* WHAT TO PRODUCE: Starting at the line that contains "a bed with pillows", output each line exactly as written through the end of the listing below, but leave out the pictures.

* SUPPLIED INFORMATION:
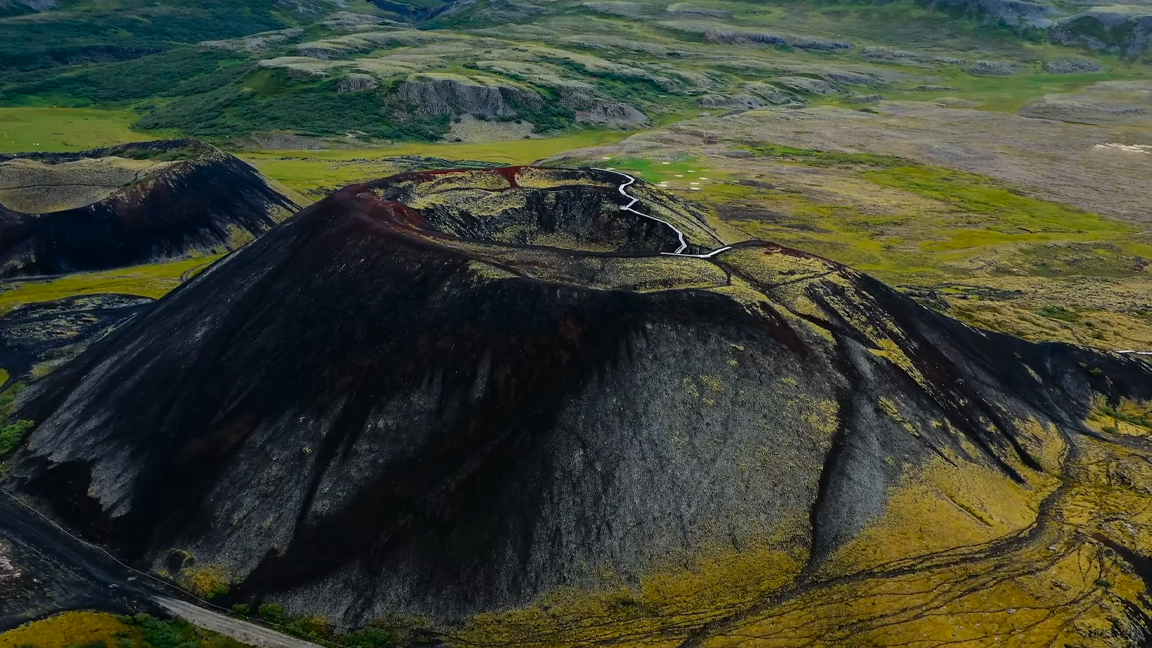 Ancient volcanic crater rising above a vast green landscape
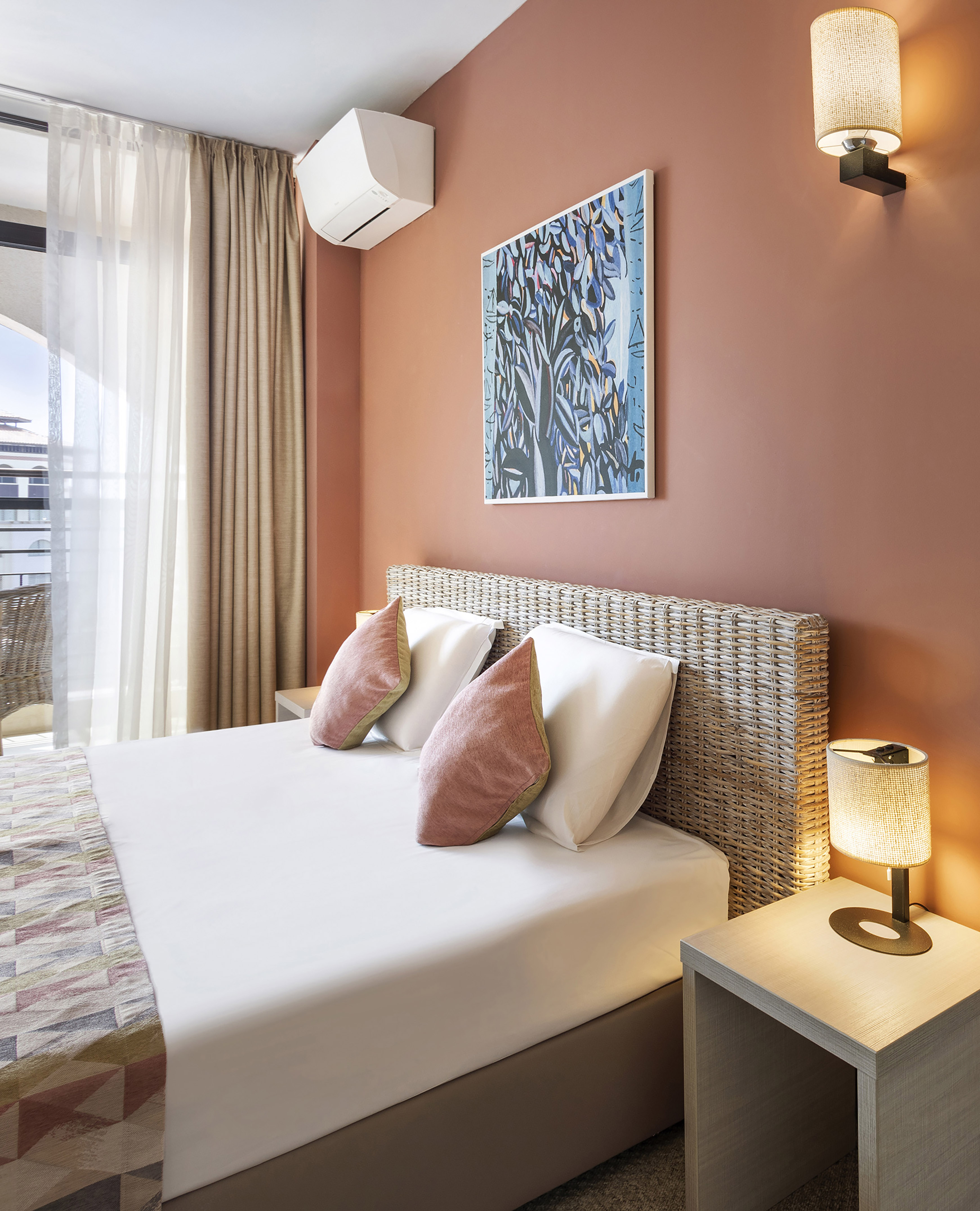 a bed with pillows and a lamp on the side of the bed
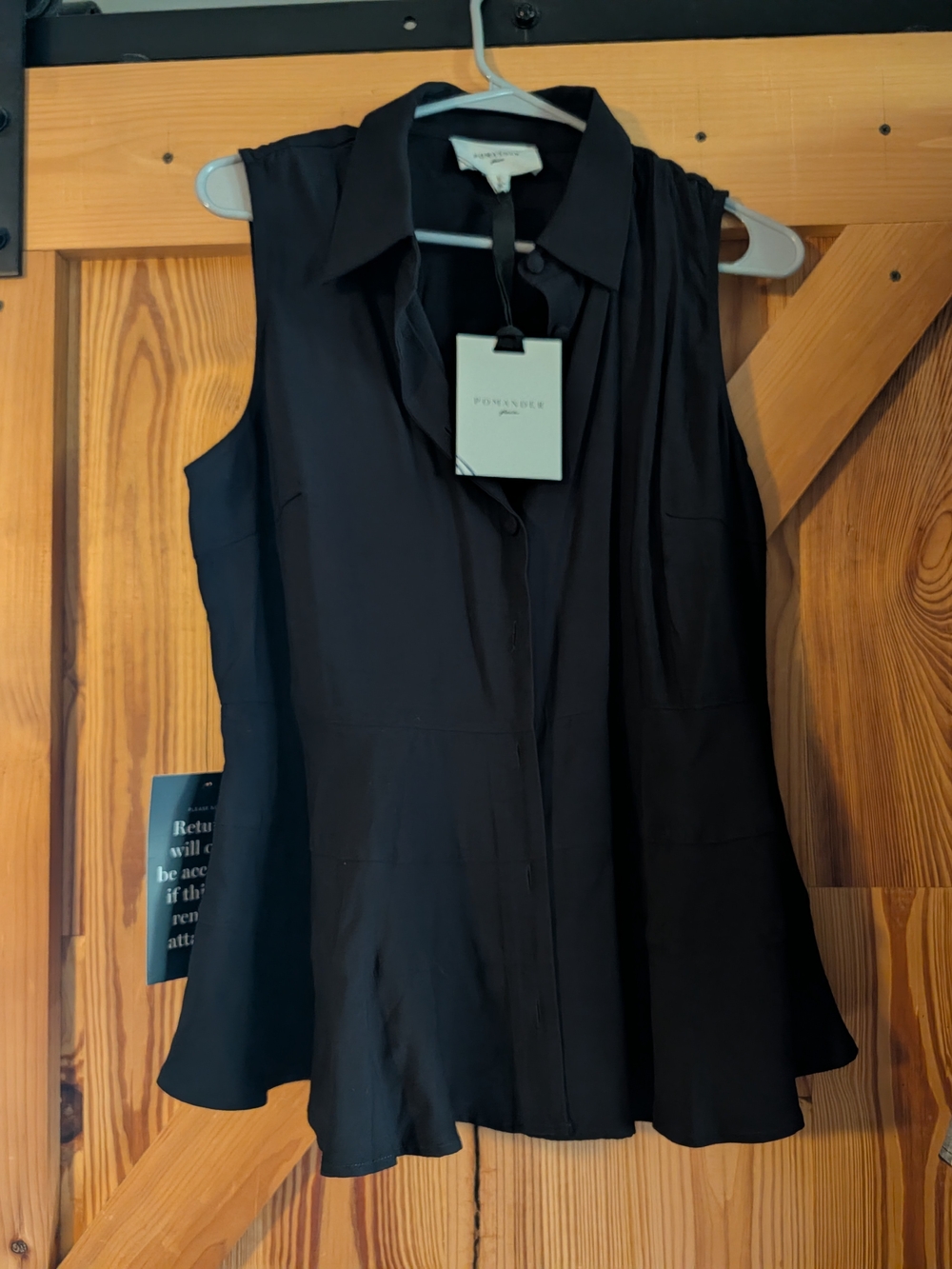 Tuckernuck Black Sleeveless Button-Front Peplum Blouse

* RESPONSE TO THIS TASK:
 a bed with pillows and a lamp on the side of the bed
 Tuckernuck Black Sleeveless Button-Front Peplum Blouse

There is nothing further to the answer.